Task directions
Exactly as they appear below, repeat the lines from the one with "white, blue: 63417682" through the one with "Vintage őszi hangulatú". Drop every picture.

Record set
_ _ _ _
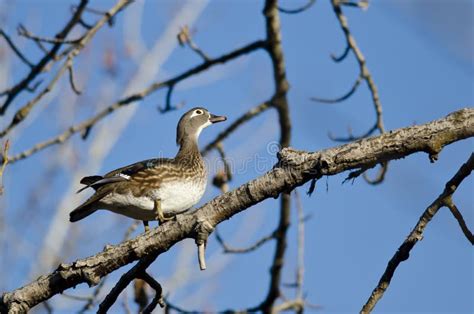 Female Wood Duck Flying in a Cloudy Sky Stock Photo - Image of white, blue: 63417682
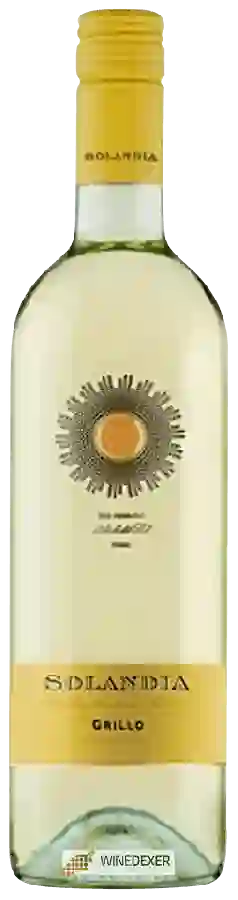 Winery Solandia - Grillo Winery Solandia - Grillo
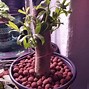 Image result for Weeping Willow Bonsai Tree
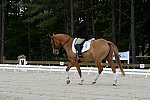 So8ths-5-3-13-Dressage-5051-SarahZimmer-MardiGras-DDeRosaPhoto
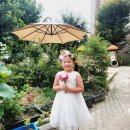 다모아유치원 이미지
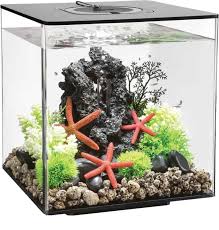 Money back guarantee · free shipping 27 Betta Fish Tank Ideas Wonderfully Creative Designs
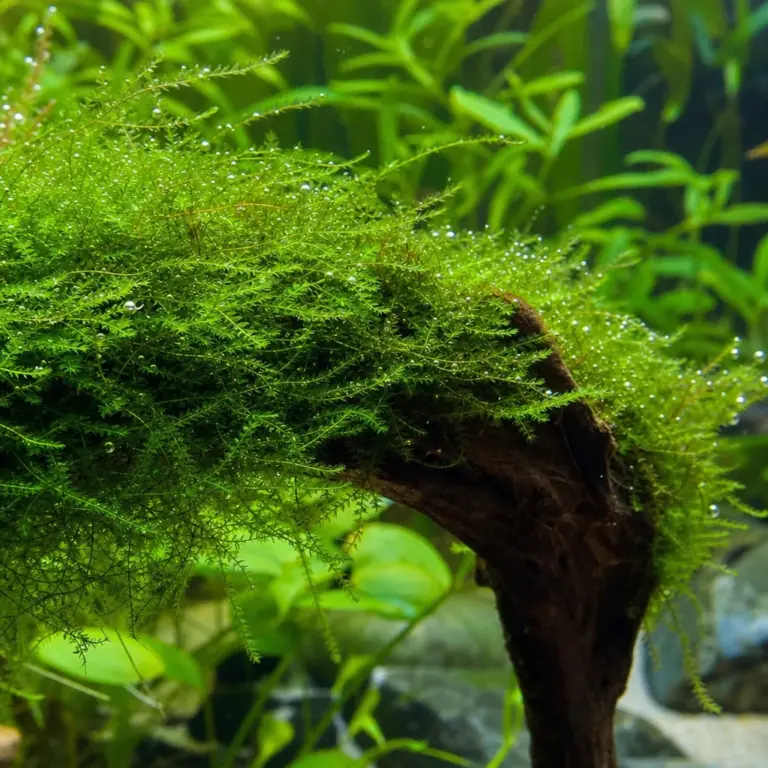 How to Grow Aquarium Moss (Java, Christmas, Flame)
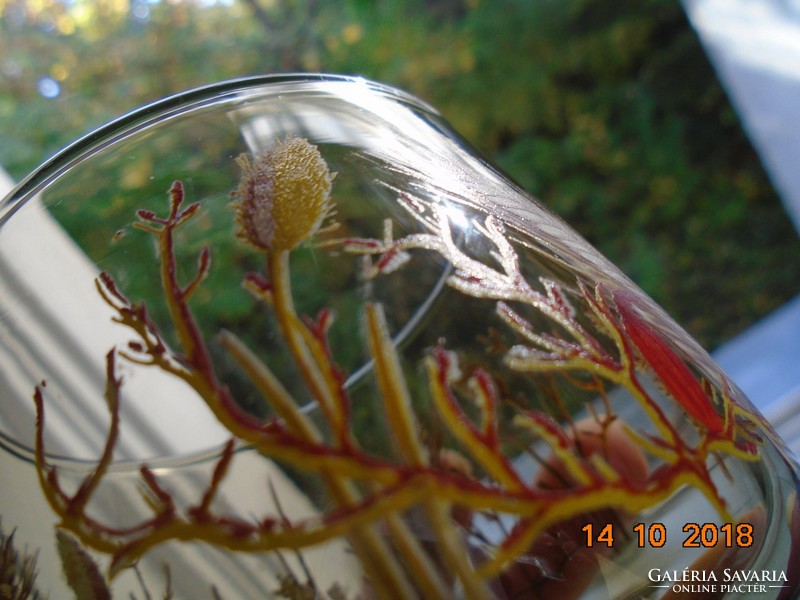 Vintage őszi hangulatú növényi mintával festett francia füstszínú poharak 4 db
_ _ _ _
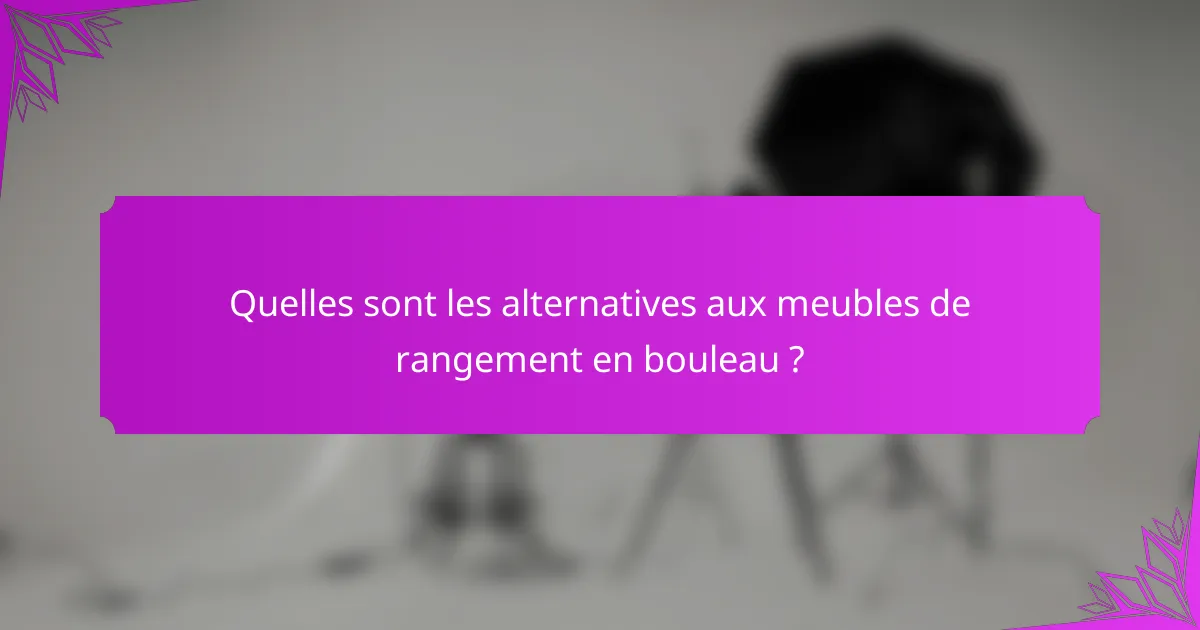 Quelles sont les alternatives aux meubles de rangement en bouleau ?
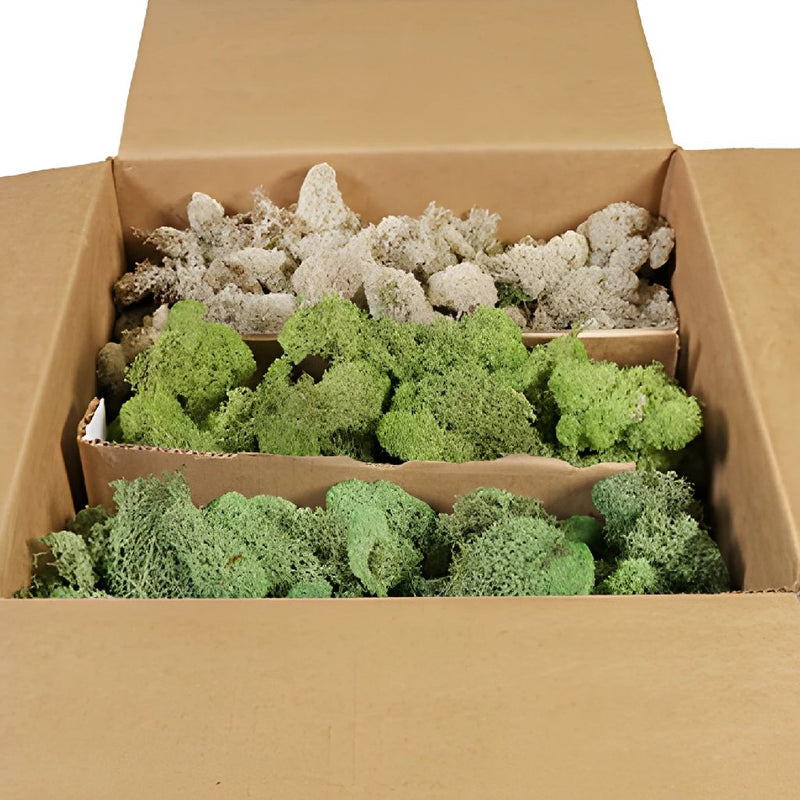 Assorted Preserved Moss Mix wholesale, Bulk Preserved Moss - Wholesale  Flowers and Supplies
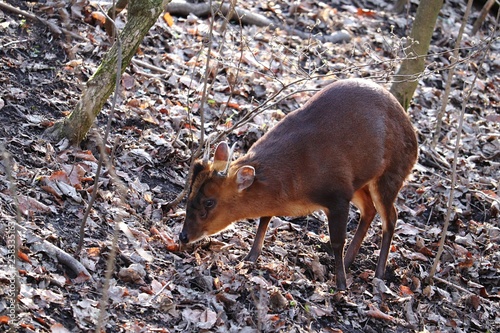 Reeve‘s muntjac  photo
_ _ _ _
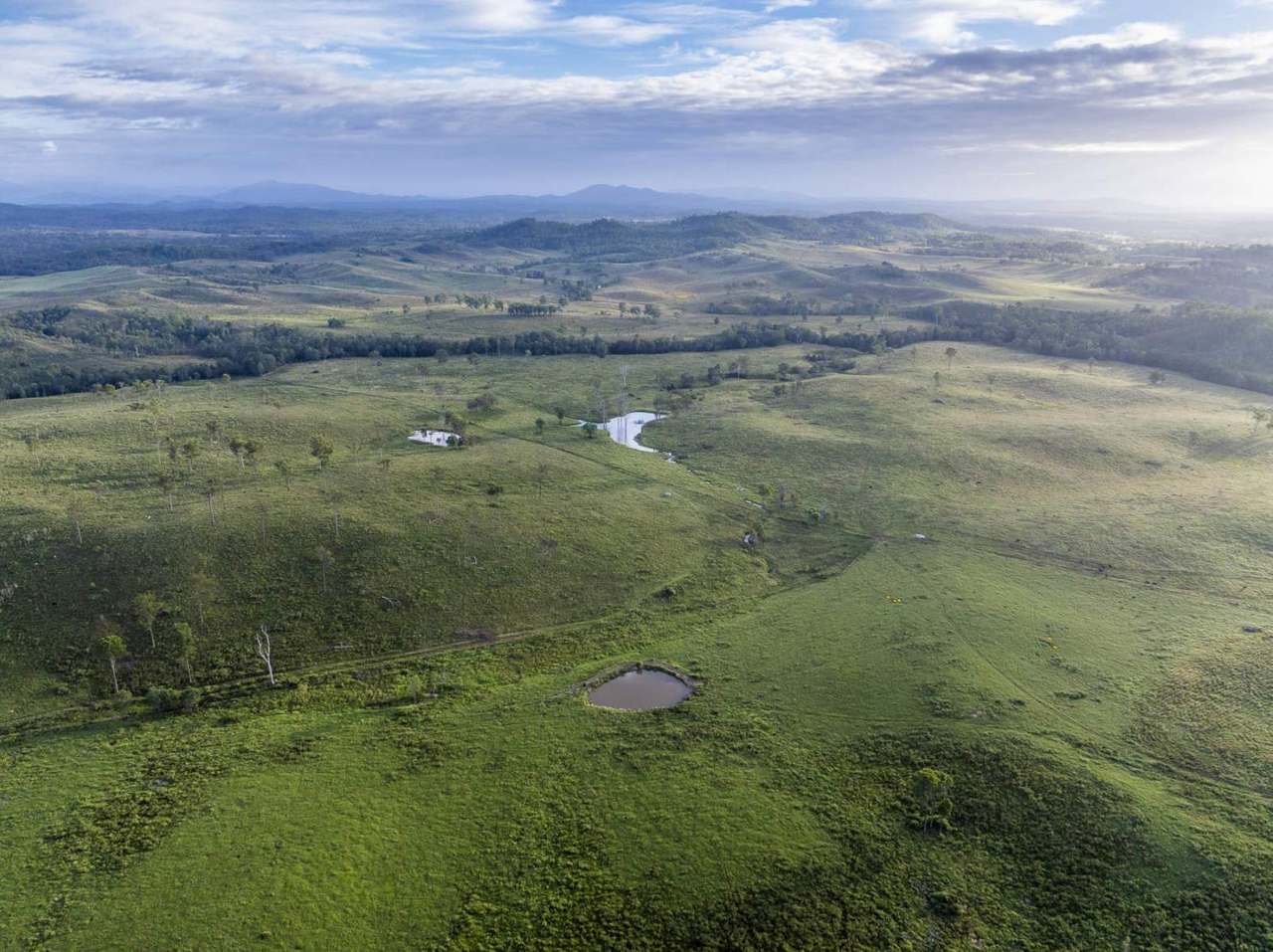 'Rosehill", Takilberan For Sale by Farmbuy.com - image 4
_ _ _ _
Solution for this task
 Female Wood Duck Flying in a Cloudy Sky Stock Photo - Image of white, blue: 63417682
 Winery Solandia - Grillo Winery Solandia - Grillo
 Image result for Weeping Willow Bonsai Tree
 So8ths-5-3-13-Dressage-5051-SarahZimmer-MardiGras-DDeRosaPhoto
 다모아유치원 이미지
 Money back guarantee · free shipping 27 Betta Fish Tank Ideas Wonderfully Creative Designs
 How to Grow Aquarium Moss (Java, Christmas, Flame)
 Vintage őszi hangulatú növényi mintával festett francia füstszínú poharak 4 db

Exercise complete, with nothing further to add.